ACTION ITEM:
Any picture in the data below should be skipped, while every line is repeated exactly.

SUPPLIED DATA:
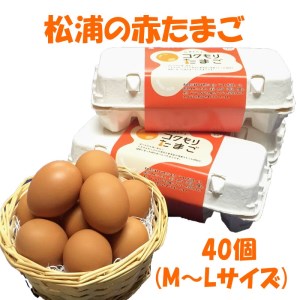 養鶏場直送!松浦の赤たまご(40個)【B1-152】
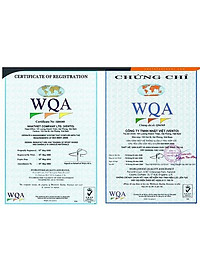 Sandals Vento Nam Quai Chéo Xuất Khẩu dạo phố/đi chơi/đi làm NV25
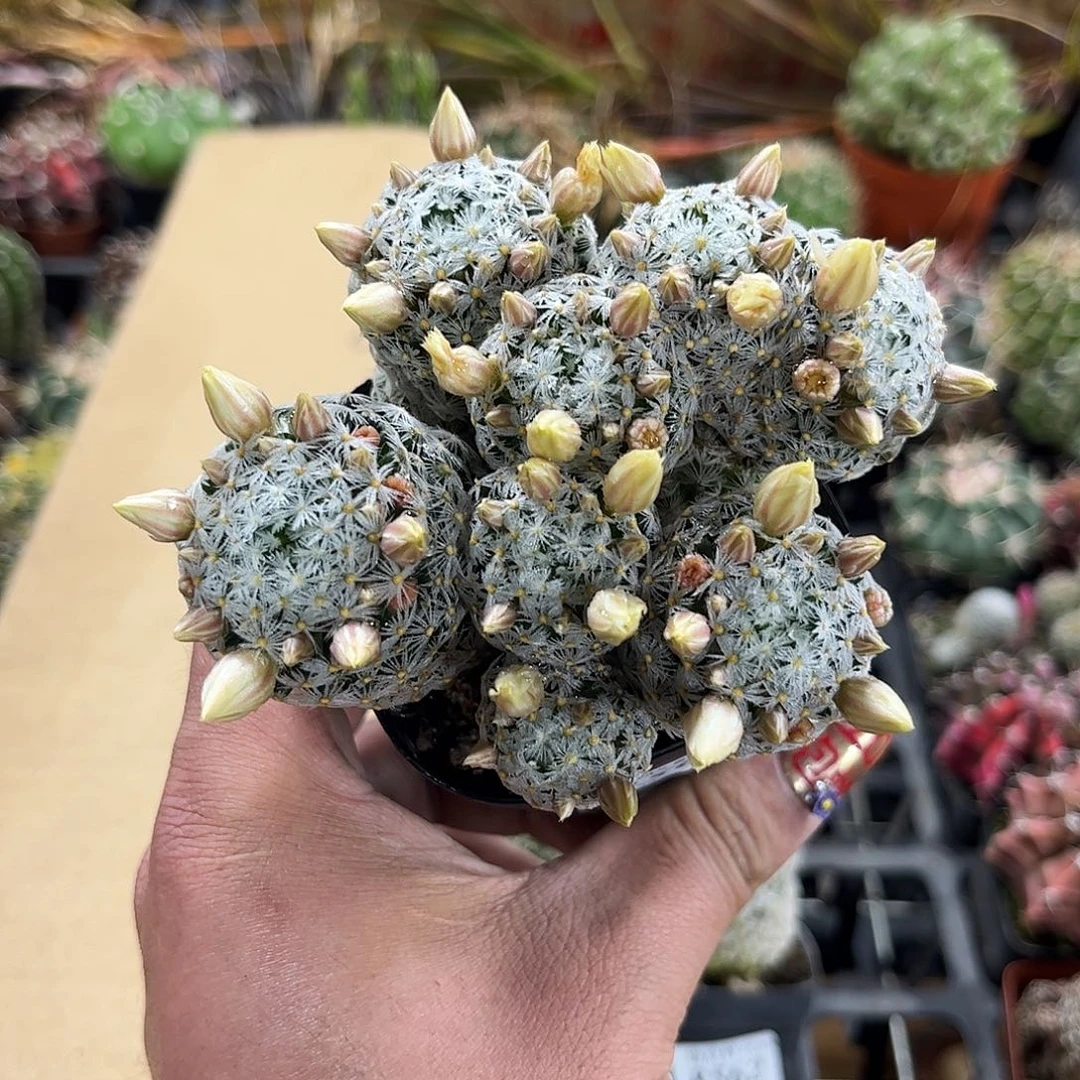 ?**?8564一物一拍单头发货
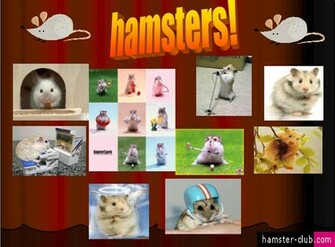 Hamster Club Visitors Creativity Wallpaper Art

EXPECTED ANSWER:
 養鶏場直送!松浦の赤たまご(40個)【B1-152】
 Sandals Vento Nam Quai Chéo Xuất Khẩu dạo phố/đi chơi/đi làm NV25
 ?**?8564一物一拍单头发货
 Hamster Club Visitors Creativity Wallpaper Art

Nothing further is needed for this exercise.